**EXERCISE REQUIREMENTS**
Reproduce each entry exactly as written.

**DATASET**

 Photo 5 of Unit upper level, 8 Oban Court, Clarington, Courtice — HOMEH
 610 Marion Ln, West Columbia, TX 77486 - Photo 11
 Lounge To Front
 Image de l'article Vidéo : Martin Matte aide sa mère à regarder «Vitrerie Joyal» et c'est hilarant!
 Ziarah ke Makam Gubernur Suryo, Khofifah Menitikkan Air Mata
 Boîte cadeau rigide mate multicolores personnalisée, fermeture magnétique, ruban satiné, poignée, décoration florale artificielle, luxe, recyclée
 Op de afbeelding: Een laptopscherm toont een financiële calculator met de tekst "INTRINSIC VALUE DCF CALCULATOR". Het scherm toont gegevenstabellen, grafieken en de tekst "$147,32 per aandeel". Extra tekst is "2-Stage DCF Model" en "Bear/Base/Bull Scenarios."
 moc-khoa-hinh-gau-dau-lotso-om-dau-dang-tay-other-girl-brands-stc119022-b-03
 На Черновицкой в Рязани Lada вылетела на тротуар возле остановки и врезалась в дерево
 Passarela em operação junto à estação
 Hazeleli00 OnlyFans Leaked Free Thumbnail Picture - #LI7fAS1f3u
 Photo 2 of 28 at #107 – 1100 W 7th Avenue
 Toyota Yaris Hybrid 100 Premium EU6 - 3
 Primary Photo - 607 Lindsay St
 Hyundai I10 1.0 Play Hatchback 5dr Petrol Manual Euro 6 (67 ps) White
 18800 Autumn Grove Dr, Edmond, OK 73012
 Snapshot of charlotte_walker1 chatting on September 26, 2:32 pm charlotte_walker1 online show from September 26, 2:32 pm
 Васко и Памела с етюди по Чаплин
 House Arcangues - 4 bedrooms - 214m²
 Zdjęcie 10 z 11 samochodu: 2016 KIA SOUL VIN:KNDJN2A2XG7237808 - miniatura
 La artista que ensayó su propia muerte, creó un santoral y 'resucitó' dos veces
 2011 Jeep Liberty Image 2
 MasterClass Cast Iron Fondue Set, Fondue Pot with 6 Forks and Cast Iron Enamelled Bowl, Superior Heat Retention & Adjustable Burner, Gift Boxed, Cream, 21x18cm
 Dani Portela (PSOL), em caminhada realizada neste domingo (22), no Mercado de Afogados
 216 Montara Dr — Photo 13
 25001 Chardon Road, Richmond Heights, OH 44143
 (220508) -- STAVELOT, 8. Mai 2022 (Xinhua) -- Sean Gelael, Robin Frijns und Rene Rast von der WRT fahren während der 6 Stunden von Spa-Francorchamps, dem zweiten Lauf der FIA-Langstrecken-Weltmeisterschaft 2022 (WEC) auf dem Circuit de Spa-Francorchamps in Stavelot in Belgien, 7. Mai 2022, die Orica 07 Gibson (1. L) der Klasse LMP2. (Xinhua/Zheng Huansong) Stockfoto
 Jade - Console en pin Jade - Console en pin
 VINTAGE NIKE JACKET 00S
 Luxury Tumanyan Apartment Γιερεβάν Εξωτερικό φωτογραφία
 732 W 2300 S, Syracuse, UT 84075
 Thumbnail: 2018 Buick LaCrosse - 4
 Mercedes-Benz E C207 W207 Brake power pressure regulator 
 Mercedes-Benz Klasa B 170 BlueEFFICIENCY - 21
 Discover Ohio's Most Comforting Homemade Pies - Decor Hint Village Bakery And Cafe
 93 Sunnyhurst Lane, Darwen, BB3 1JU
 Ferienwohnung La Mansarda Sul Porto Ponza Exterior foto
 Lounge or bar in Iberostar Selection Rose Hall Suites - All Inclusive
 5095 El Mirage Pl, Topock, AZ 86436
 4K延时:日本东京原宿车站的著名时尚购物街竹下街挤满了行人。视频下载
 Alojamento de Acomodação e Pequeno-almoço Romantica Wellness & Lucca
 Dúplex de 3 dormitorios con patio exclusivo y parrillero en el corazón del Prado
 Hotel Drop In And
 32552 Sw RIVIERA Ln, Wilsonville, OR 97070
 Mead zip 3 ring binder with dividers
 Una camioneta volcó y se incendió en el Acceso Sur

**RESPONSE**
 Photo 5 of Unit upper level, 8 Oban Court, Clarington, Courtice — HOMEH
 610 Marion Ln, West Columbia, TX 77486 - Photo 11
 Lounge To Front
 Image de l'article Vidéo : Martin Matte aide sa mère à regarder «Vitrerie Joyal» et c'est hilarant!
 Ziarah ke Makam Gubernur Suryo, Khofifah Menitikkan Air Mata
 Boîte cadeau rigide mate multicolores personnalisée, fermeture magnétique, ruban satiné, poignée, décoration florale artificielle, luxe, recyclée
 Op de afbeelding: Een laptopscherm toont een financiële calculator met de tekst "INTRINSIC VALUE DCF CALCULATOR". Het scherm toont gegevenstabellen, grafieken en de tekst "$147,32 per aandeel". Extra tekst is "2-Stage DCF Model" en "Bear/Base/Bull Scenarios."
 moc-khoa-hinh-gau-dau-lotso-om-dau-dang-tay-other-girl-brands-stc119022-b-03
 На Черновицкой в Рязани Lada вылетела на тротуар возле остановки и врезалась в дерево
 Passarela em operação junto à estação
 Hazeleli00 OnlyFans Leaked Free Thumbnail Picture - #LI7fAS1f3u
 Photo 2 of 28 at #107 – 1100 W 7th Avenue
 Toyota Yaris Hybrid 100 Premium EU6 - 3
 Primary Photo - 607 Lindsay St
 Hyundai I10 1.0 Play Hatchback 5dr Petrol Manual Euro 6 (67 ps) White
 18800 Autumn Grove Dr, Edmond, OK 73012
 Snapshot of charlotte_walker1 chatting on September 26, 2:32 pm charlotte_walker1 online show from September 26, 2:32 pm
 Васко и Памела с етюди по Чаплин
 House Arcangues - 4 bedrooms - 214m²
 Zdjęcie 10 z 11 samochodu: 2016 KIA SOUL VIN:KNDJN2A2XG7237808 - miniatura
 La artista que ensayó su propia muerte, creó un santoral y 'resucitó' dos veces
 2011 Jeep Liberty Image 2
 MasterClass Cast Iron Fondue Set, Fondue Pot with 6 Forks and Cast Iron Enamelled Bowl, Superior Heat Retention & Adjustable Burner, Gift Boxed, Cream, 21x18cm
 Dani Portela (PSOL), em caminhada realizada neste domingo (22), no Mercado de Afogados
 216 Montara Dr — Photo 13
 25001 Chardon Road, Richmond Heights, OH 44143
 (220508) -- STAVELOT, 8. Mai 2022 (Xinhua) -- Sean Gelael, Robin Frijns und Rene Rast von der WRT fahren während der 6 Stunden von Spa-Francorchamps, dem zweiten Lauf der FIA-Langstrecken-Weltmeisterschaft 2022 (WEC) auf dem Circuit de Spa-Francorchamps in Stavelot in Belgien, 7. Mai 2022, die Orica 07 Gibson (1. L) der Klasse LMP2. (Xinhua/Zheng Huansong) Stockfoto
 Jade - Console en pin Jade - Console en pin
 VINTAGE NIKE JACKET 00S
 Luxury Tumanyan Apartment Γιερεβάν Εξωτερικό φωτογραφία
 732 W 2300 S, Syracuse, UT 84075
 Thumbnail: 2018 Buick LaCrosse - 4
 Mercedes-Benz E C207 W207 Brake power pressure regulator 
 Mercedes-Benz Klasa B 170 BlueEFFICIENCY - 21
 Discover Ohio's Most Comforting Homemade Pies - Decor Hint Village Bakery And Cafe
 93 Sunnyhurst Lane, Darwen, BB3 1JU
 Ferienwohnung La Mansarda Sul Porto Ponza Exterior foto
 Lounge or bar in Iberostar Selection Rose Hall Suites - All Inclusive
 5095 El Mirage Pl, Topock, AZ 86436
 4K延时:日本东京原宿车站的著名时尚购物街竹下街挤满了行人。视频下载
 Alojamento de Acomodação e Pequeno-almoço Romantica Wellness & Lucca
 Dúplex de 3 dormitorios con patio exclusivo y parrillero en el corazón del Prado
 Hotel Drop In And
 32552 Sw RIVIERA Ln, Wilsonville, OR 97070
 Mead zip 3 ring binder with dividers
 Una camioneta volcó y se incendió en el Acceso Sur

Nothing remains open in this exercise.